Uma primeira característica descoberta pela psicanálise na obra de arte é que esta última costuma apresentar-se como resultado do que Freud chamou de processo primário. Neste aspecto, a arte compartilha seu lugar com o sintoma neurótico, o sonho, o devaneio, o pensamento infantil e primitivo, a religião e a mitologia, que para Freud também são resultantes do processo primário. Essa não seria, portanto, uma característica distintiva suficiente para uma demarcação psicanalítica dos limites da obra de arte enquanto tal, mas uma característica ao menos necessária à sua existência. Se admitirmos como ponto de partida a inclusão da obra de arte entre os efeitos e meios ocasionadores do processo primário, pode-se extrair daí uma sugestão inicial demasiado óbvia: a obra de arte, tanto para a sua produção como para a sua apreciação, pressupõe a dimensão inconsciente do psiquismo humano.

2. OS DOIS MECANISMOS FUNDAMENTAIS DO PROCESSO PRIMÁRIO
Pode-se definir o processo primário como o pensamento no qual as cargas (Besetzungen) ou intensidades afetivas não se encontram estritamente ligadas às representações que lhes são correspondentes, mas permanecem relativamente livres. Nesse caso, as cargas podem desligar-se das representações inconscientes para fixar-se em outras representações, de um ou de outro modo associadas às primeiras, as assim chamadas representações substitutivas, as quais são por si mesmas passíveis de se tornarem conscientes. Ao se ligarem a tais representações substitutivas, as cargas afetivas inconscientes podem penetrar na consciência, obtendo-se assim uma espécie de liberação ou descarga afetiva. Tal descarga, por sua vez, produz prazer ao fazer baixar o nível de tensão endopsíquica.
   O processo primário é, de acordo com Freud, essencialmente caracterizado por dois mecanismos fundamentais: a condensação e o deslocamento. Ao esclarecer o deslocamento nos sonhos, Freud diz que ele se manifesta de duas maneiras:

Na primeira delas, um elemento latente é substituído, não por uma parte componente de si mesmo e sim por algo mais remoto - isto é, por uma alusão; e, na segunda, o acento psíquico é transferido de um elemento importante para um outro sem importância, de modo que o sonho se apresenta centrado de forma diferente e insólita(1).

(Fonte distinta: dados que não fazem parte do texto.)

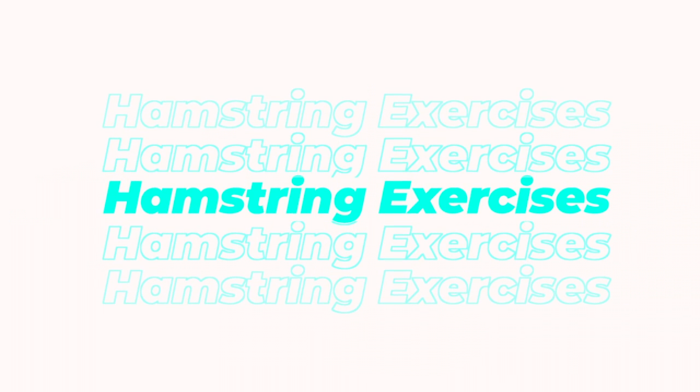For each exercise, try to do three to four sets of six to ten reps.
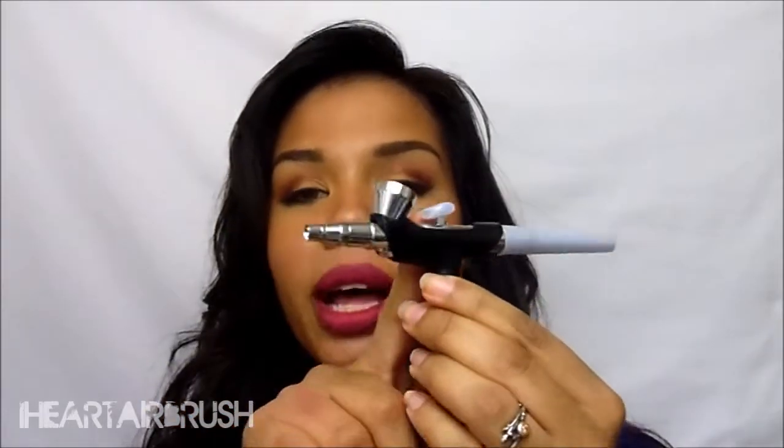I feel like I'm always talking about how innovative Dinair is, and that's only because they're constantly coming up with new ways to help you learn airbrush makeup and be the best that you can. Dinair has come out with a new airbrush grip system. The system is just two pieces that you apply onto your airbrush gun, and those two pieces give you greater control of your airbrush by giving you the grip that you need.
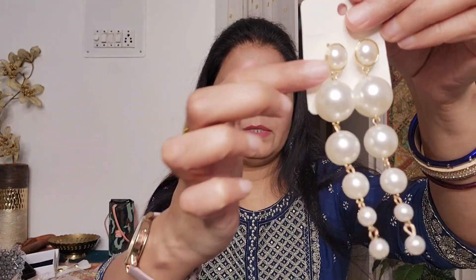Now the second last one is pearl dangles. They look small but we can pair these earrings with any outfit - both Indian and western. I and Shriya pair them according to our dress. I think I got these for around Rs. 170, which is very affordable. They are nice.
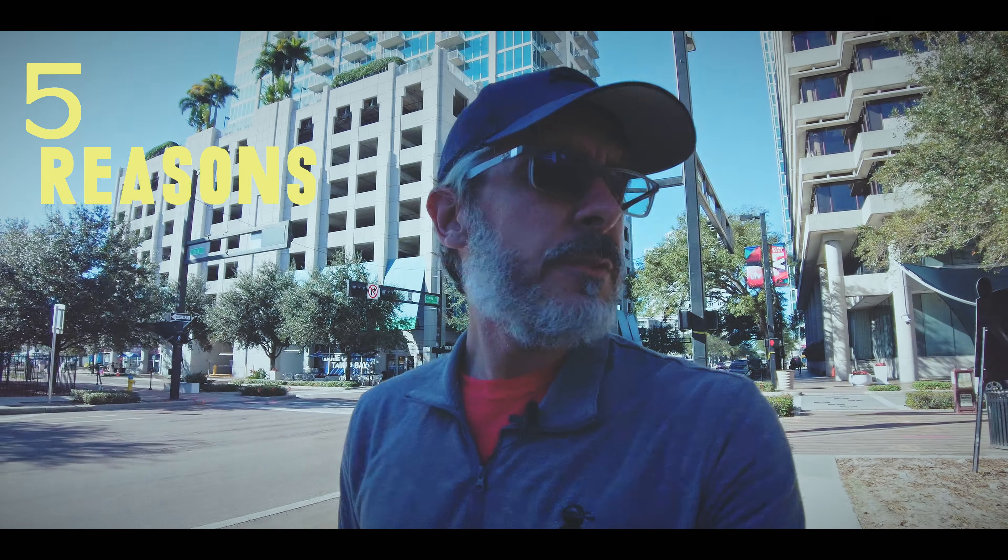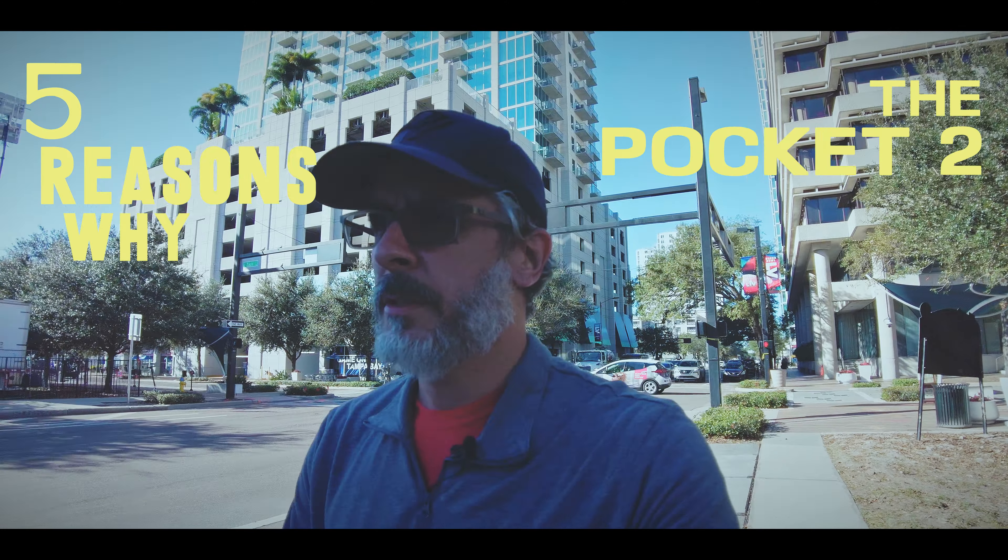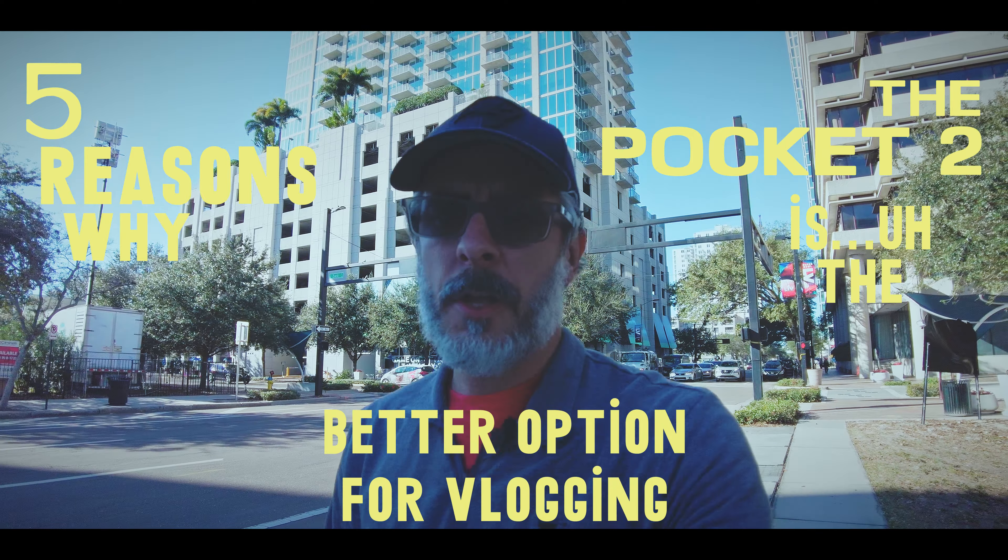I'm in downtown Tampa. I'm going to tell you five reasons why the Pocket 2 is the better option for vlogging when it comes to cameras like the Sony a7 III or some of the other mirrorless cameras out there. I'm going to take some strolls to two different corners just to delay how long it takes me to get to Eddie and Sam's — once again, the greatest pizza in Tampa.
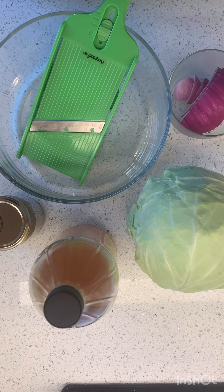I'm kind of obsessed with like pickly, vinegary, sauerkraut-y kind of thing. So I'm gonna make like my own version of sauerkraut today.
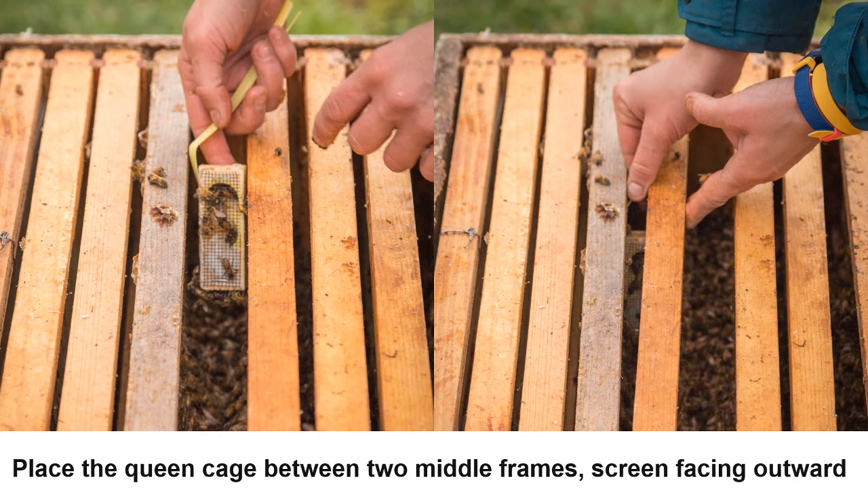I will discuss two common techniques for installing queens. The first technique is to gently place the queen between the two middle frames, as close to the center of the colony as possible. This will help the queen stay warm in cooler weather. Note the position of the cage: the cage is vertical and the screen is not facing a frame — this allows the queen to remain accessible to workers for feeding and ventilation. This technique is suitable only for colonies with frames that have already been drawn out, as the drawn comb serves to hold the queen cage in place.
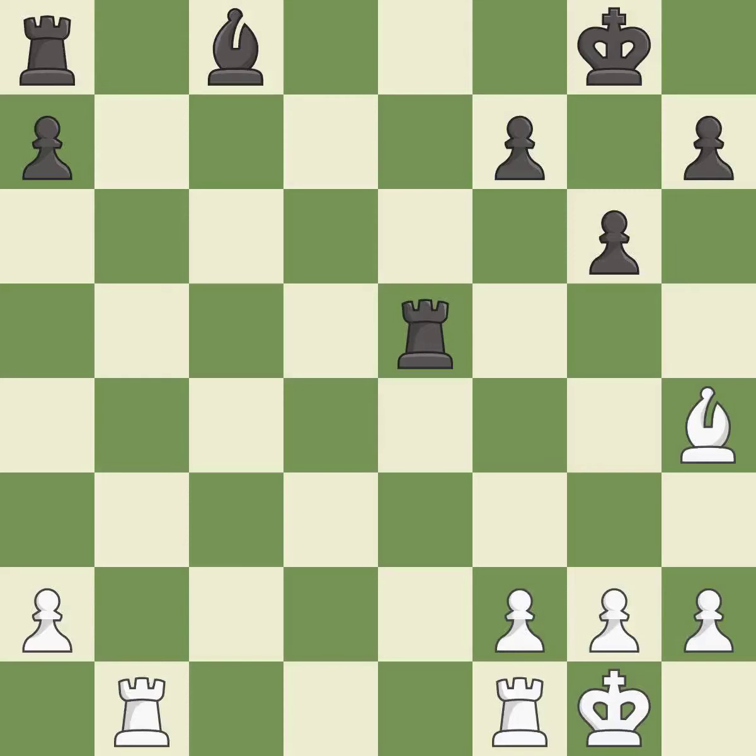Balanced — neither player ever had an advantage. That game was pretty competitive. Both players had an amazing opening. That was an incredible middle game by both players.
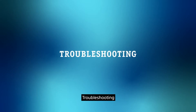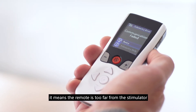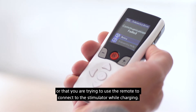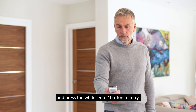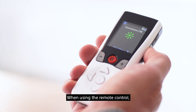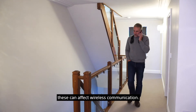If the message 'communication failed' appears on the screen, it means the remote is too far from the stimulator, or that you are trying to use the remote to connect while charging. Please move the remote control closer to the stimulator and press the white enter button to retry. When using the remote control, try to avoid sources of interference like computer screens and mobile phones, as these can affect wireless communication.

 Podemos resumir isso dizendo que o essencial daquilo que Freud chama de deslocamento é que a carga psíquica de uma representação (ou grupo de representações) R1 passa para uma representação (ou grupo delas) R2, que se torna consciente. Exemplo: uma paciente de Freud, pertencente ao judaísmo, sonha que dá seu pente a alguém; a análise mostra que a representação desse ato vem no lugar da representação inconsciente de sua união com um homem não-judeu, a qual ela secretamente deseja. A representação do pente, que é substitutiva, é associada à representação inconsciente devido a um episódio no qual ela foi advertida de não usar certo pente que fora usado por um empregado da casa, a fim de "não misturar as raças". A representação substitutiva recebe, em circunstância da vigência do processo primário, a carga afetiva da representação inconsciente, que desse modo burla a censura e passa à consciência.
  A condensação, por sua vez, é apresentada como uma espécie de tradução abreviada ou fundida do conteúdo latente. Segundo Freud, ela se realiza no sonho das seguintes maneiras:

1) determinados elementos latentes são totalmente omitidos; 2) apenas um fragmento de alguns complexos do sonho latente transparece no sonho manifesto e, 3) determinados elementos latentes que têm algo em comum são combinados e fundidos em uma mesma unidade no sonho manifesto(2).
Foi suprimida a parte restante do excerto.